The 100th Separate Guards Motorized Rifle Order of Republic Brigade () is military unit of 1st Army Corps, that forms the army of the Donetsk People's Republic. Serving as an element under the 1st Army Corps of the DPR's Ministry of Defence, it is tasked with defence of its assigned territories using rapid reaction, reconnaissance and spetsnaz components.

The unit was established as Republican Guard of the DPR (Республиканская гвардия ДНР) on January 12, 2015. On August 15, 2015 it was renamed as 100th Separate Motorized Rifle Brigade as a Russian military unit № 08826 (в/ч 08826).
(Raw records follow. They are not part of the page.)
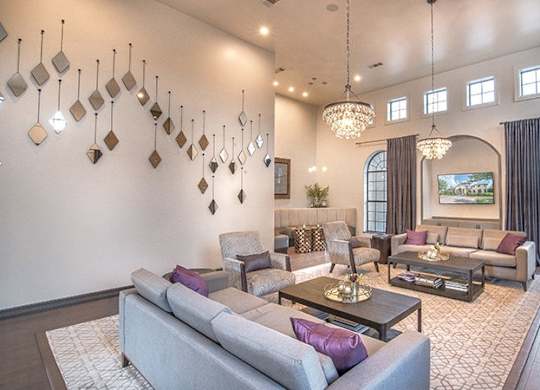 A living room with a grey couch and a chandelier.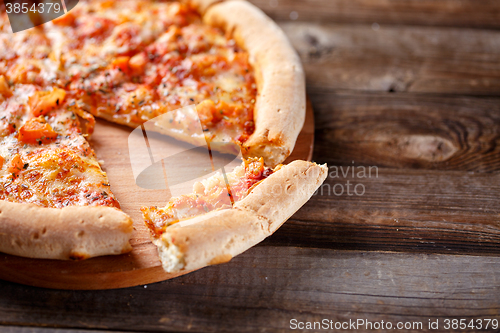 Image of Delicious italian pizza with one eating piece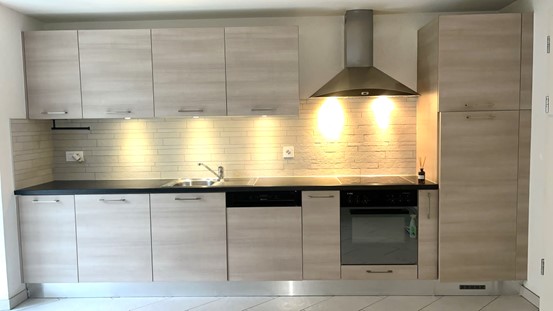 modern kitchen with oak-colored cabinetry, granite countertop, under-cabinet lighting, stainless steel sink, faucet, dishwasher, and integrated oven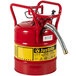 A red Justrite steel safety can for gas with a metal hose.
The DPR RG was commanded by Major General Ivan Kondratov, who was arrested in September 2018.

History 
It was created by DPR leader Alexander Zakharchenko on January 12, 2015. On August 15, 2015, the Republican Guard became subordinate to the First Army Corps of the Ministry of Defense of the DPR. It received its battle banner on September 18, 2015. The 100th Separate Motorized Rifle Brigade was based in Olenika to Donetsk City.  In September 2022, the 100th Separate Motorized Rifle Brigade reportedly began recruiting prisoners from prisons across Donetsk.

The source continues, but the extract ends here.